European auto parts makers are another way to tap the benefits of Chinese consumer spending without having to buy Chinese companies themselves. There is no sign of a slowdown in demand for cars from China's growing middle class, and cars will need to have more efficient parts in order to meet China's ambitious carbon emissions reduction goals. This bodes well for European auto parts makers, which typically earn between 15 and 20 percent of their revenue from China.

Foreign automakers that sell into China aren't quite as compelling. A new policy under discussion would relax restrictions on auto dealers, allowing them to sell vehicles from multiple car manufacturers, with the likely effect of reducing foreign automakers' leverage over dealerships. In addition, the quality of China's cars has improved markedly in the last decade, and the domestic market is increasingly competitive. Beyond automobiles, the growing list of industries in which Western companies face a growing threat from Chinese ones-both in China and elsewhere-includes power transmission and distribution, rail, bearings, automation, solar, steel, and chemicals.

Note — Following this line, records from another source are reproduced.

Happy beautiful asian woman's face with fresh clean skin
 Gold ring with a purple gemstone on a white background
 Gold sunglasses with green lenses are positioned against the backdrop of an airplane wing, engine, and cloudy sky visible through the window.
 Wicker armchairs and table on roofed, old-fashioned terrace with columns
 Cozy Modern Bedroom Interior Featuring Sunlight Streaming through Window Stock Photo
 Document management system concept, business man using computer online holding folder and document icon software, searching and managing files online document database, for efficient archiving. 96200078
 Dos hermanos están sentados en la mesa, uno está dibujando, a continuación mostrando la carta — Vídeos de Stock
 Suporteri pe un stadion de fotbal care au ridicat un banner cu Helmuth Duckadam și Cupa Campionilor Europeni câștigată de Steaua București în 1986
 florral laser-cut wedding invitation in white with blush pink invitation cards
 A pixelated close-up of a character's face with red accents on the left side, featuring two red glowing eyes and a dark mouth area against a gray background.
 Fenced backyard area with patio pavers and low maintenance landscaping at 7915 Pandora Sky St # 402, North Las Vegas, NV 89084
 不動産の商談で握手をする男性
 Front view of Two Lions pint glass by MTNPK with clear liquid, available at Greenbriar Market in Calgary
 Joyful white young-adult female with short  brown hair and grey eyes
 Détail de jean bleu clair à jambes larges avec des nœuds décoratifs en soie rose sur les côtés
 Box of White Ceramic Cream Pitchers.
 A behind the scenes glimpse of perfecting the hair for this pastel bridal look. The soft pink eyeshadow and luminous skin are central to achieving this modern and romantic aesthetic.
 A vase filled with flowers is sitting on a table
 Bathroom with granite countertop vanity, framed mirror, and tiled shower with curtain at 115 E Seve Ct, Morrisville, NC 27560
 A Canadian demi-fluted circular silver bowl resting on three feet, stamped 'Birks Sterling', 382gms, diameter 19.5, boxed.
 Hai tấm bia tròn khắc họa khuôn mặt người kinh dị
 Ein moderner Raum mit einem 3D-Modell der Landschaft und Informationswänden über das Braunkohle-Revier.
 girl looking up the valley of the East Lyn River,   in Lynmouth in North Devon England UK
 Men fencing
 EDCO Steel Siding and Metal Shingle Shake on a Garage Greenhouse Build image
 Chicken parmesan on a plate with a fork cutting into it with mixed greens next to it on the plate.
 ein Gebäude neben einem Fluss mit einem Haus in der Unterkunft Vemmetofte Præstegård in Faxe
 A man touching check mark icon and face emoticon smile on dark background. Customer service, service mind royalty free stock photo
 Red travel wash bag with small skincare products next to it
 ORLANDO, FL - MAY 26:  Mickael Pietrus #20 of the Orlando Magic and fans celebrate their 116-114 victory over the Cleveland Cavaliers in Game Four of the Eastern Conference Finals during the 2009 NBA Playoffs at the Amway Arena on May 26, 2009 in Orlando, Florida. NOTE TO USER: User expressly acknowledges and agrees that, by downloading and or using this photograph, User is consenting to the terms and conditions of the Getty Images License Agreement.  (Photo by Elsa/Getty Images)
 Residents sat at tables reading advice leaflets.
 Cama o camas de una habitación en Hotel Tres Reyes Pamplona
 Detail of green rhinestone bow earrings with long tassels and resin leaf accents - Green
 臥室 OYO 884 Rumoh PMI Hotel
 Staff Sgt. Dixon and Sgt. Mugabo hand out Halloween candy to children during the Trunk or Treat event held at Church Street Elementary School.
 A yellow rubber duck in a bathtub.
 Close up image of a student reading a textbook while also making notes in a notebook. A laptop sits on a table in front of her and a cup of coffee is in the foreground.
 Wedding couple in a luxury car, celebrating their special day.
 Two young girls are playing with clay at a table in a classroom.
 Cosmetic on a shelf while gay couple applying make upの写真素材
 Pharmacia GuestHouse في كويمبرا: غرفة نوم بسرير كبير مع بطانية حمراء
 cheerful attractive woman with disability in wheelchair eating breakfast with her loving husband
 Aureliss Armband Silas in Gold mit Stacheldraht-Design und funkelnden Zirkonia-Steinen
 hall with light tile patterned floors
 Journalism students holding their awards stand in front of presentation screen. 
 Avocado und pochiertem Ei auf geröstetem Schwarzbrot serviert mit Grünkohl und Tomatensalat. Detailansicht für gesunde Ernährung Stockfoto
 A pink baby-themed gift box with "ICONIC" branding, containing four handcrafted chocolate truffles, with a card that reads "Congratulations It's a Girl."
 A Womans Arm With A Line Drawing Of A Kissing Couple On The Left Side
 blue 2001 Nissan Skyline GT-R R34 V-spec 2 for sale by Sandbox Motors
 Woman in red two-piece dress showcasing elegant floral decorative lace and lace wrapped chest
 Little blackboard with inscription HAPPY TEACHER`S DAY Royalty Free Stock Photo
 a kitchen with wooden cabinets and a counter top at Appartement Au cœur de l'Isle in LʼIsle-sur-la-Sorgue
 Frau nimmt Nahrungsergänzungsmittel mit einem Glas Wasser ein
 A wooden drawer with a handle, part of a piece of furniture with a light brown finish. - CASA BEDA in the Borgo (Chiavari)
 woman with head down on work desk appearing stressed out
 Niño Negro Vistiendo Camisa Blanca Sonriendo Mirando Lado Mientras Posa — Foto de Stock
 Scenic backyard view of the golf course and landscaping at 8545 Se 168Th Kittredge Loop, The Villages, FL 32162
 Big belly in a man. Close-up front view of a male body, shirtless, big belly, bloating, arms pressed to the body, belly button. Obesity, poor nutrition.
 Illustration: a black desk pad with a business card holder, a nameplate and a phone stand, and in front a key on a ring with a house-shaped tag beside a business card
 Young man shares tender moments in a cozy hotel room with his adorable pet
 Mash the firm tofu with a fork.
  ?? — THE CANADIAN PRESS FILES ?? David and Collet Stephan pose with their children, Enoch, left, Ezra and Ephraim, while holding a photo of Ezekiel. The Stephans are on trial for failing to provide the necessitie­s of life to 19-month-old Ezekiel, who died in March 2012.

Luxury goods companies with major brand recognition don't yet have to worry about domestic competition in China, but the slowing economy isn't doing them any favors either. Leading indicators of luxury spending, such as casino revenue growth in Macau and new orders for Swiss watches, are weak. Make that four bubbles: the Chinese market currently accounts for 30 percent of European luxury goods sales, as its people currently spend twice as much (as a percentage of household wealth) on luxury goods as the Japanese and ten times what Europeans do, a level that is likely unsustainable over the long-term.